Task to carry out> In the records below, the lines between the one holding "toothpaste tablets raspberry" and the one holding "Compact waterproof bicycle", inclusive, are to be transcribed exactly; no pictures are to be included.

━━ Given records ━━

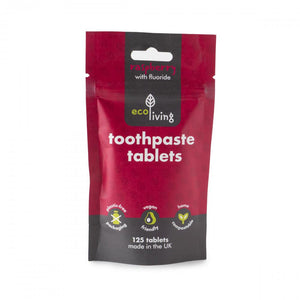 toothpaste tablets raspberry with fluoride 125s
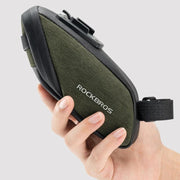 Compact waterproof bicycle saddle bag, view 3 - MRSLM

━━━
━━ Given records ━━

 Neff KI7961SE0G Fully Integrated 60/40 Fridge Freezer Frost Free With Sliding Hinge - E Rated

━━━

Exercise solution>
 toothpaste tablets raspberry with fluoride 125s
 Compact waterproof bicycle saddle bag, view 3 - MRSLM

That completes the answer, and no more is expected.